Kecepatan maksimum target aerodinamis yang dapat diserang oleh SM-6 diperkirakan adalah 800 m/detik. Probabilitas mengenai sasaran aerodinamis oleh sebuah SM-6 ini adalah 95 persen.
Perbandingan rudal Kh-32 dan SM-6 ini menunjukkan bahwa ketinggian penerbangan Kh-32 adalah 7 km di atas kemampuan menghancurkan rudal SM-6 AS dan hampir 2x kali lebih cepat dari kecepatan maksimum SM-6 untuk target aerodinamis, yaitu Kh-32 1.500 m/detik melawan SM-6 yang hanya 800 m/detik.
Namun itu tidak berarti Amerika Serikat tidak akan menembak rudal hipersonik. Sistem Aegis tentu dapat mendeteksi mereka dan memberikan informasi tujuan sebagaimana kemampuan rudal dan bahkan pertahanan satelitnya. Oleh karena itu, SM-6 tetap akan dilibatkan, untuk melihat sejauh mana itu efektif.

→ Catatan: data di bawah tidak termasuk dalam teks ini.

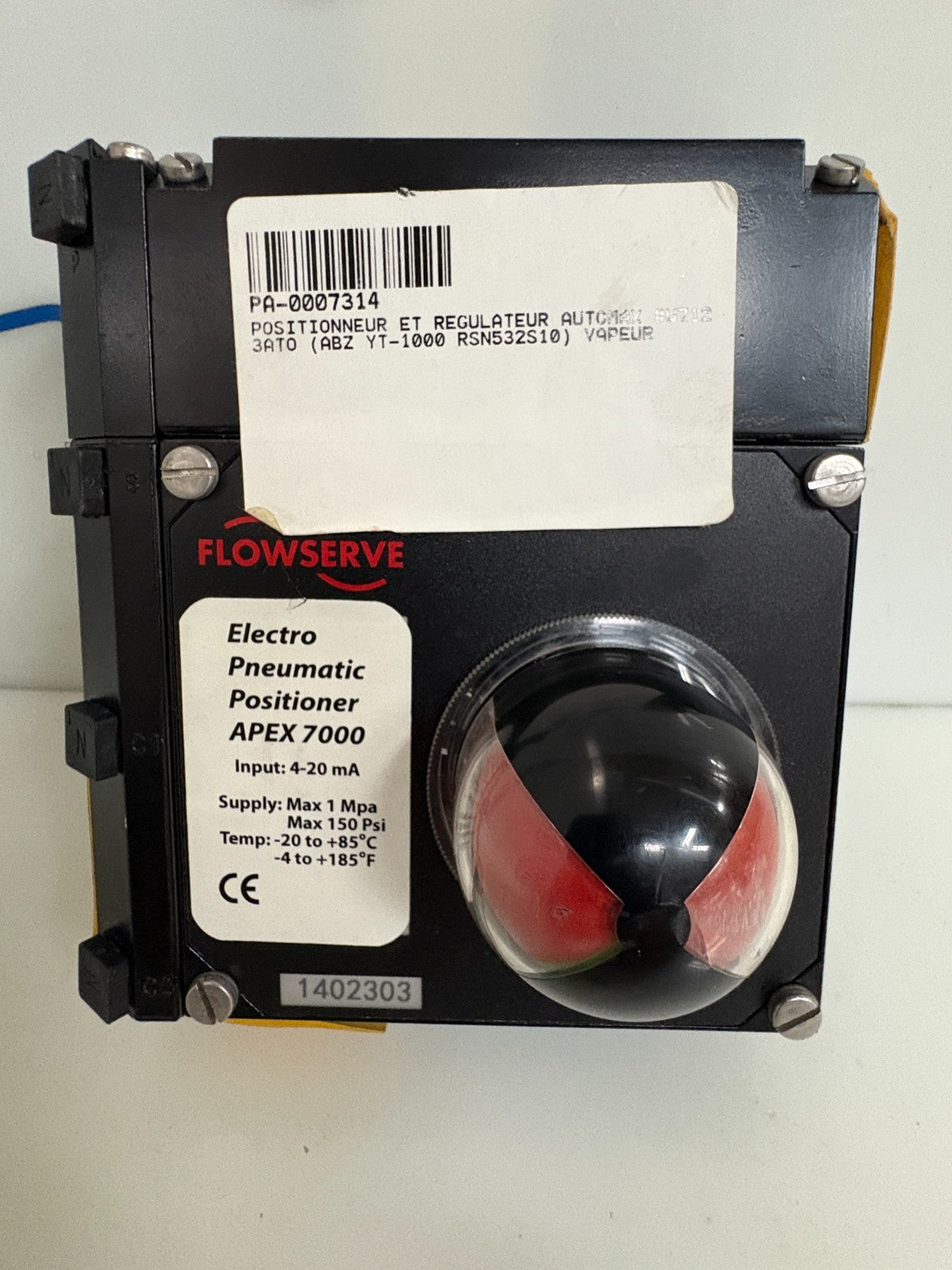 FLOWSERVE PNEUMATIC POSITIONER APEX 7000 W71237ATO1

Karakteristik probabilitas hit biasanya disediakan untuk jangkauan dimana target tidak bermanuver dan terbang dengan kecepatan terbaik untuk menghancurkan. Dalam hal pertempuran nyata, probabilitas hit biasanya lebih rendah karena tujuan spesifik yang dibatasi oleh kecepatan manuver target dan ketinggiannya.
Kemampuan memukul SM-6 akan dipengaruhi juga oleh jangkauan deteksi hulu ledak yang aktif, ketepatan dari pendekatan untuk menargetkan area penguncian, manuver kelebihan beban dan kerapatan atmosfer yang dapat diterima, serta kesalahan dalam menentukan spesifikasi gerakan dari target oleh radar dan sistem kontrol informasi.
Semua faktor tersebut adalah hal utama yang menentukan apakah misil tersebut bisa menghubungi dan memilih jarak luput ke tingkat yang akan menjamin hulu ledaknya menghantam target manuver.